Unlocking the potential of Proximal Soil Sensing

Proximal Soil Sensing is another tool in the precision agriculture arsenal. Prof. Alexandre ten Caten is researching its use in conjunction with machine learning as a cost-effective and environmentally-friendly method to assess soils. View Halo Profile >>

Tell us about your research.

Collecting soil data using Proximal Soil Sensing (PSS) produces a large amount of information suited to Machine Learning (ML) statistical approaches. In recent years, researchers around the world have proposed new PSS protocols for data handling, preprocessing, and modelling. But real-life implementations of ML deployment workflows remain to be established. Most researchers look into ML implementations evaluating testing and validation possibilities, without going beyond that into a predictive platform to be applied in newly arriving samples such as those not seen in the ML model creation phase. My goal is to investigate a deployment pipeline for ML using memory-based learning between the incoming-spectra and within model existing-spectra.

Proximal Soil Sensing techniques using light, like visible and near infrared, are gaining ground as fast, cost-effective, and environmental-friendly opportunities to assess organic carbon and clay content of soil.

Can you explain that to a non-scientist?

Worldwide soils are under threat of increasing demand for food, fiber, and fuel. In fact, millions of hectares, around the globe, are already degraded accordingly to the Food and Agriculture Organization of the United Nations. To be able to properly use this natural resource to its highest potential, or to restore its role in ecosystems, we need to carry out soil testing. Paradoxically, every time that a soil sample is tested, harmful wastes like potassium dichromate and sulfuric acid are produced. In recent years, Proximal Soil Sensing techniques using light, like visible and near infrared, are gaining ground as fast, cost-effective, and environmental-friendly opportunities to assess organic carbon and clay content of soil.

Why did you choose this area of research?

I have been working with pedometrics since my PhD, for more than 10 years now. Pedometrics is quite a new area of soil science research, and it is a data-driven approach for creating soil property maps applying a myriad of sensors for data collection. The digitalization of agriculture, the increasing number of farms using precision farming, and the growing availability of remote sensing satellites have set the stage for a spreading awareness regarding pedometric products. In this scenario, Proximal Soil Sensing allows us to evaluate the potential of different photon-based methods such as visible and near infrared spectroscopy and X-ray fluorescence for collecting data to deepen our knowledge of this fragile and extremely important natural resource.

Proximal Soil Sensing will allow us to overcome the limitations imposed by soil coverage in remote sensing due to vegetation and plant residues in no-till and regenerative agriculture. 

How could your Grants4Ag project someday impact #healthforall #hungerfornone?

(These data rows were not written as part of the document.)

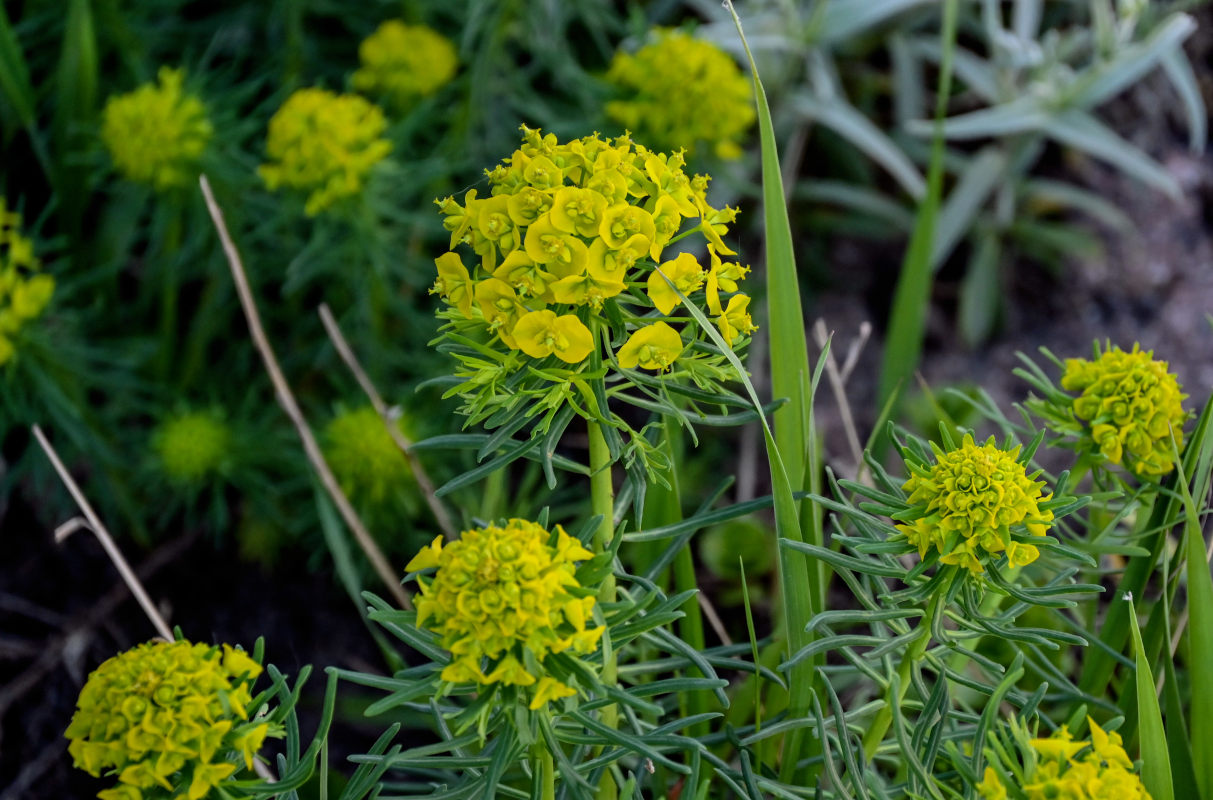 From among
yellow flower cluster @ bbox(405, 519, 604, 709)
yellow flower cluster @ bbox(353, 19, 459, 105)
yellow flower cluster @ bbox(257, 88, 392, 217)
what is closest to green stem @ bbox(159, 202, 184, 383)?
yellow flower cluster @ bbox(257, 88, 392, 217)

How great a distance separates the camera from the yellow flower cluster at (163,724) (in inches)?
46.6

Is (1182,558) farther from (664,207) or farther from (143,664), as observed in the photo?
(143,664)

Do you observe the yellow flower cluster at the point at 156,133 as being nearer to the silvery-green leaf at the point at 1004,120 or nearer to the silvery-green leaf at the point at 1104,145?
the silvery-green leaf at the point at 1004,120

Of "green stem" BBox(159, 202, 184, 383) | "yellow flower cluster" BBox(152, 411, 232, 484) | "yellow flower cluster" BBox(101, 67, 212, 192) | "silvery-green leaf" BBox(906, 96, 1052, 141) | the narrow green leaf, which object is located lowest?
"yellow flower cluster" BBox(152, 411, 232, 484)

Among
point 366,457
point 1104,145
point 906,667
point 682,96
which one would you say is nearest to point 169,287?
point 366,457

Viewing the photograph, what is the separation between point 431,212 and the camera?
2.86 m

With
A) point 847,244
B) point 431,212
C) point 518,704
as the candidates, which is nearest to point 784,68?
point 847,244

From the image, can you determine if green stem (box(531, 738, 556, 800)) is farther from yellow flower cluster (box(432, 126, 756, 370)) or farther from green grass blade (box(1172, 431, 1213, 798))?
green grass blade (box(1172, 431, 1213, 798))

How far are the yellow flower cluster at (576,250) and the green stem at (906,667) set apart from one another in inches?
17.4

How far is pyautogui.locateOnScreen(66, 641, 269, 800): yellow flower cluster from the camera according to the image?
46.6 inches

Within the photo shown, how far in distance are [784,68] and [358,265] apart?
158 cm

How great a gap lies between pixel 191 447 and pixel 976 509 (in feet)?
6.30

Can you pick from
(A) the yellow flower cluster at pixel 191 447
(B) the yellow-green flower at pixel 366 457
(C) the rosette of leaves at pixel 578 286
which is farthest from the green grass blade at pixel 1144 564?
(A) the yellow flower cluster at pixel 191 447

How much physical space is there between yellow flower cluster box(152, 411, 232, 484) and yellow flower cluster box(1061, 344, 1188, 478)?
1.92 meters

Proximal Soil Sensing will allow us to overcome the limitations imposed by soil coverage in remote sensing due to vegetation and plant residues in no-till and regenerative agriculture. Spectral data can provide cost-effective and environmentally-friendly solutions to an increasing demand for soil information. This #Grants4Ag project will allow me to contribute to healthy soils and directly impact the Sustainable Development Goals (SDGs), like the proper provision of food, fiber, and fuel with relation to the SDG #1 No Poverty and #2 Zero Hunger, in addition to climate regulation and SDG #13 Climate Action and #15 Life and Land. Additionally, Bayer’s Grants4Ag program represents an opportunity for capacity building in our country.